- WORK TASK
Leave out the pictures and retype, exactly, the lines below from the line with "Tamaris - 28248 Sandal - Powder Metal" up to and including the line with "runa10's cooksnap of when they made カップケーキ.", nothing more.

- SOURCE DATA
= Beginning of Section =

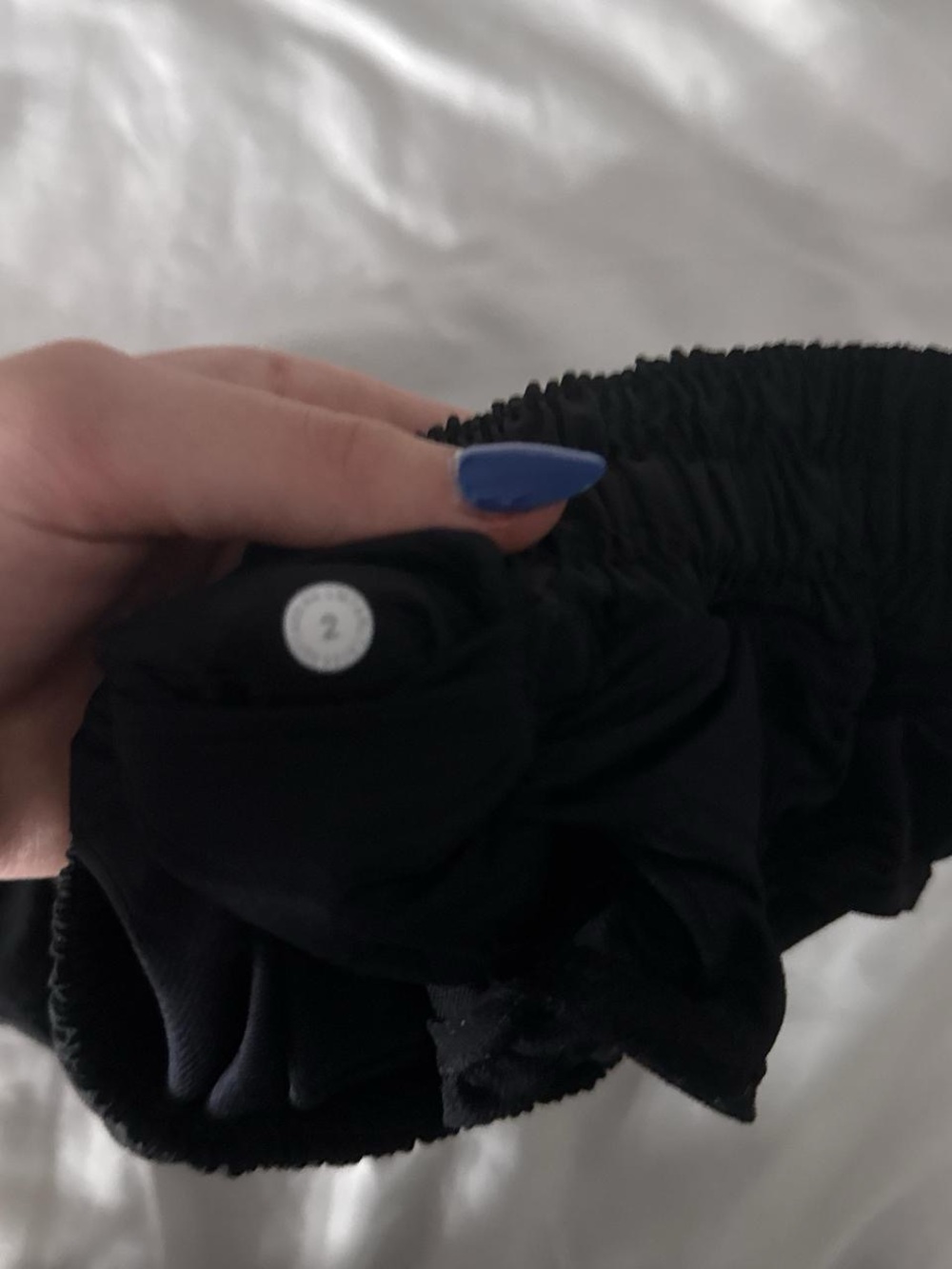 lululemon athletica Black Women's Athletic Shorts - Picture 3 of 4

= End of Section =
= Beginning of Section =

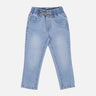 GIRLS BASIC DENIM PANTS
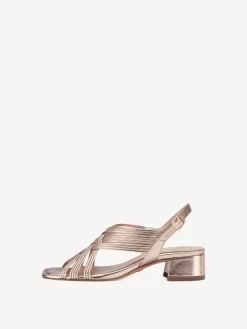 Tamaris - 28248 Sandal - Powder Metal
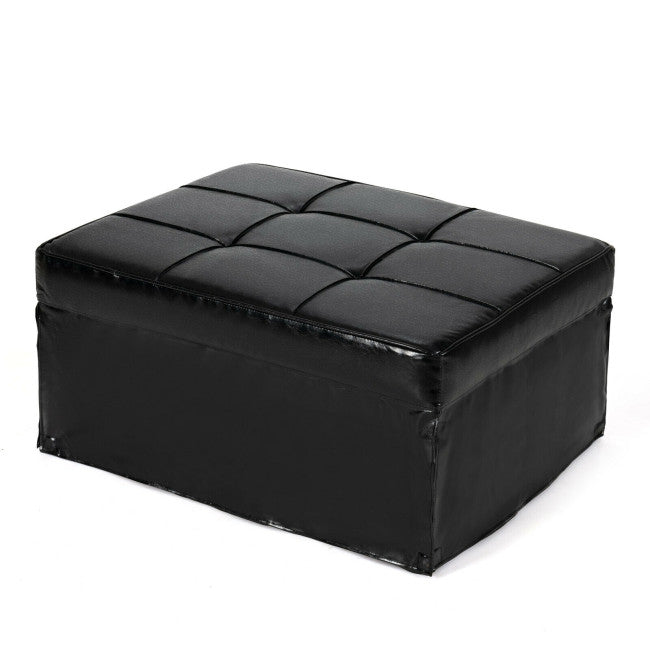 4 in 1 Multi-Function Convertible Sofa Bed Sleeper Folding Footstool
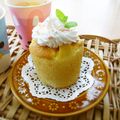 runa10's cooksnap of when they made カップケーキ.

= End of Section =

- OUTPUT BELOW
 Tamaris - 28248 Sandal - Powder Metal
 4 in 1 Multi-Function Convertible Sofa Bed Sleeper Folding Footstool
 runa10's cooksnap of when they made カップケーキ.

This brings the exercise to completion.